=== Section Start ===

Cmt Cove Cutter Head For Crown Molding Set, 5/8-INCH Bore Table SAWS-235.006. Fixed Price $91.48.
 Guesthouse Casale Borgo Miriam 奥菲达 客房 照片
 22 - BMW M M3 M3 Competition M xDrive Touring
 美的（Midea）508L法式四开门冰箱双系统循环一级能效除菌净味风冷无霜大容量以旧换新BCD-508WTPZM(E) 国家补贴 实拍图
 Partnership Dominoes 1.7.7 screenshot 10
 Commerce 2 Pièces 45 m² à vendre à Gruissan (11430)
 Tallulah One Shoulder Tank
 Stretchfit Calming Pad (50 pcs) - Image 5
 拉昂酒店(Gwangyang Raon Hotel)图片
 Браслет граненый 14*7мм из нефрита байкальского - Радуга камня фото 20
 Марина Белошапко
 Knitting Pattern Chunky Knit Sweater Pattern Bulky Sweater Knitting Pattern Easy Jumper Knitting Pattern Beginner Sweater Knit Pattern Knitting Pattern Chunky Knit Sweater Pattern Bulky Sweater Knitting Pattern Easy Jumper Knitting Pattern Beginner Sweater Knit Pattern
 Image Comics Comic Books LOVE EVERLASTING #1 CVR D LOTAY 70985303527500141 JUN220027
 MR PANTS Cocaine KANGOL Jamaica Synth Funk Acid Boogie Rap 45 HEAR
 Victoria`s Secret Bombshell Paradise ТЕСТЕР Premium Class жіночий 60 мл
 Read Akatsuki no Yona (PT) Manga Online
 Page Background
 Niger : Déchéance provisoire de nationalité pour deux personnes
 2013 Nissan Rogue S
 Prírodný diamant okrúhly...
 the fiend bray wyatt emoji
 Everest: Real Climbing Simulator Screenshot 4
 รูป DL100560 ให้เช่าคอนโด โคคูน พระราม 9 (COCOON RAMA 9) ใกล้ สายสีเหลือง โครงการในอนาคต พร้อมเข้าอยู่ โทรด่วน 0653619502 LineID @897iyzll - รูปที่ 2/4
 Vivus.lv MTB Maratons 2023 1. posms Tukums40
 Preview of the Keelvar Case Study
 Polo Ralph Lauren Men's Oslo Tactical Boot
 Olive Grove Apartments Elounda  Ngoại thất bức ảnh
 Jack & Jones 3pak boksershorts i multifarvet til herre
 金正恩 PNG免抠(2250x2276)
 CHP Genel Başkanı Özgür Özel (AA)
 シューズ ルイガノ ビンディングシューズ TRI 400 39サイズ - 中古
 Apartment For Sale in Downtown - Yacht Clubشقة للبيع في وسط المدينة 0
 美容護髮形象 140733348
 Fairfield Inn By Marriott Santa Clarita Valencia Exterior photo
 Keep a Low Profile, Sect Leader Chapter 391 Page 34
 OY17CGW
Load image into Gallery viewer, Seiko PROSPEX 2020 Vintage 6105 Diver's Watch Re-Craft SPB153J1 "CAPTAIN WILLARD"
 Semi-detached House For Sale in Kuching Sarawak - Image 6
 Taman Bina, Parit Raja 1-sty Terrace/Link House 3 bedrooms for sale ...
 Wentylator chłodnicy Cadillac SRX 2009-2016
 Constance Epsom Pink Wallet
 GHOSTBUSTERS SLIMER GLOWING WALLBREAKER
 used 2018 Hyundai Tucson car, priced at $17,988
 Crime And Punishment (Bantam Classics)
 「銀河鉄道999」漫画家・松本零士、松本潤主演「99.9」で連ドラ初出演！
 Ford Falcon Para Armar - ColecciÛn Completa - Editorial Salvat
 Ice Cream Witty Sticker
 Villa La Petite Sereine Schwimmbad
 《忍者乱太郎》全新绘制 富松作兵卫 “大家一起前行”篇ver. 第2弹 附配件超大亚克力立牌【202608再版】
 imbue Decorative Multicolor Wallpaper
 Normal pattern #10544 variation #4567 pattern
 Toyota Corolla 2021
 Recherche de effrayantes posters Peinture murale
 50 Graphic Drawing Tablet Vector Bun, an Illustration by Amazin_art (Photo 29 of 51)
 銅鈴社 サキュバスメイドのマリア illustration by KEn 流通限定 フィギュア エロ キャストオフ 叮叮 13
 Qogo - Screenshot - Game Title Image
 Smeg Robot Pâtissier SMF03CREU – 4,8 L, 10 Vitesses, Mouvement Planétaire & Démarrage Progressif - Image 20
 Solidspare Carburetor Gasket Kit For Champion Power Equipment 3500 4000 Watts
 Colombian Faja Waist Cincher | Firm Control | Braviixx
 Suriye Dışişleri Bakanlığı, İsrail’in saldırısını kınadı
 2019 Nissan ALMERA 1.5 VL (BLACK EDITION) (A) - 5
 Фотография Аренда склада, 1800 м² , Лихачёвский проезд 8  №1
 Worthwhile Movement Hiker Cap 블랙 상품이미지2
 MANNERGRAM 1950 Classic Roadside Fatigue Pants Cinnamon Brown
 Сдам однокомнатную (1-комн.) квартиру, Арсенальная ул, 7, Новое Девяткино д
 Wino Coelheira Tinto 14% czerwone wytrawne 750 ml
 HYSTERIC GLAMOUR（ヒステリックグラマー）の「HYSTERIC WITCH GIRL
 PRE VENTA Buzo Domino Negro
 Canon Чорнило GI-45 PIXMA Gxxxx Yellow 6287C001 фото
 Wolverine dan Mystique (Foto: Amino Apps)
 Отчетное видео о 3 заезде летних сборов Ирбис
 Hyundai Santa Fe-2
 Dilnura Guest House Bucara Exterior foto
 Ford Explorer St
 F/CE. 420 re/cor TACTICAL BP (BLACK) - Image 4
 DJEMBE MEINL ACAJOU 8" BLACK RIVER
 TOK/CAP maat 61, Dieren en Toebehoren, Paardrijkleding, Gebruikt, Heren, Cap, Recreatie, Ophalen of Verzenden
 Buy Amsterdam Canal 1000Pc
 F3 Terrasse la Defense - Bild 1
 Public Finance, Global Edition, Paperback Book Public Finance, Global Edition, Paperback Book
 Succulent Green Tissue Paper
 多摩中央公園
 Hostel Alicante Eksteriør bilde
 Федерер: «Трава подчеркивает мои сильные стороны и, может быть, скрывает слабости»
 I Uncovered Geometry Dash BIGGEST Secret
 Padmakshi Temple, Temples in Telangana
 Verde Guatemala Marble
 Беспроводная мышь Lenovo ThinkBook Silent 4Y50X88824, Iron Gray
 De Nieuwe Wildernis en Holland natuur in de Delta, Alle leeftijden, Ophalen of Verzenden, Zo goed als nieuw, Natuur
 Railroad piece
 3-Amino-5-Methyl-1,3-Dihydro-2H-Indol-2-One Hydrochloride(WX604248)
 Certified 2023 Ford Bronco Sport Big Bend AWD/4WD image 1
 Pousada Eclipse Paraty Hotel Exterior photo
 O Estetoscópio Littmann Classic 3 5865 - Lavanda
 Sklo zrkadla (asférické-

=== Section End ===

*Task brief*. Throughout the material above, report each line holding the word "Exterior".

*Task answer*.
 Fairfield Inn By Marriott Santa Clarita Valencia Exterior photo
 Dilnura Guest House Bucara Exterior foto
 Pousada Eclipse Paraty Hotel Exterior photo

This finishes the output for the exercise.